The South African gaming scene is a rapidly growing phenomenon that has had some recent controversy revolving around support for local servers. Sure, having lower ping is a great experience but overall there is way more to look at, so let’s dive into the concept of South African dedicated servers and look at some of the good, and the bad, aspects of it all.
South African gaming has been plagued with connectivity problems and players experiencing high latency, even to servers hosted just a city away. Popular titles are launching on the global gaming market and every week we are greeted with a new “Bring <insert game name here> to South Africa” and it’s starting to rattle some nerves.
Before we dive into the realities we face as a gaming community, we need to first take a look at some examples of petitions and discussions that are brought up.

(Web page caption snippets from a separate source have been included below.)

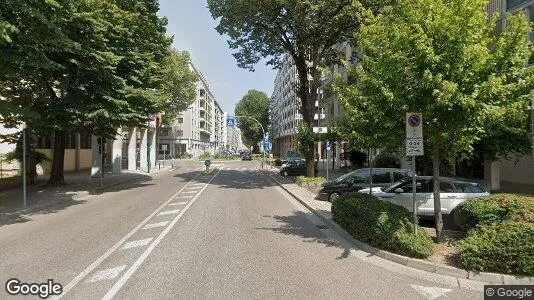 Rooms for rent in Venice - Photo from Google Street View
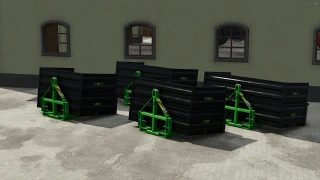 Hofman Boro HZ Pack 1.0.0.1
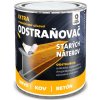 Color Company odstraňovač starých náterov Extra 0,6 kg 900303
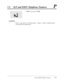 Page 434SLT and ISDN Telephone Features7-67
7.2SLT and ISDN Telephone FeaturesP
5.Waitfor an answer and talk.
Conditions
•There is a maximum of 16 extension groups.  “Paging — Group”to different groups
can be performed simultaneously.
5 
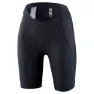Bicycle Line Erica Sykkelshorts Uten Seler, Black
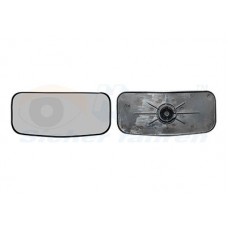 4391839 VAN WEZEL Дзеркальне скло зовнішнє дзеркало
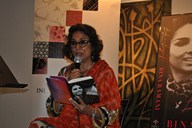 Bina-Ramani's-book-launch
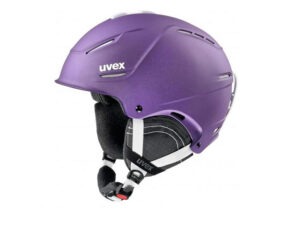 SKI KACIGA UVEX P1US LADY violet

The Petitions and Discussions:
- Overwatch South African (African) Servers – Blizzard (Discussion)
- Investigate South African Peering Server Viability for all Blizzard games. (2,179 Supporters)
- PUBG – African Regional Server for PLAYERUNKNOWNS BATTLEGROUNDS (5 Supporters)
- H1Z1 KOTK South African Servers (136 Supporters)
- PUBG South African Server Request (845 Supporters)
- PUBG – Petition for African/South African server! (Discussion)
- Smite – Provide South African servers (391 Supporters)
- League of Legends – Give Africa a Server (2,019 Supporters)
All the above petitions and discussions are focused around getting a “better ping” in-game, which should be only one thing that players look at when diving into competitive play in particular. While ping can play a huge role in a player’s ability to succeed at multiplayer titles, this should not be the main focus of all these petitions as there are a lot of other aspects that the addition of local servers will not solve (and will actually just make worse).
To many gamer, having high latency is probably one of the most common rage-inducing aspects of gaming, and it is extremely frustrating to deal with (so much that we create petitions).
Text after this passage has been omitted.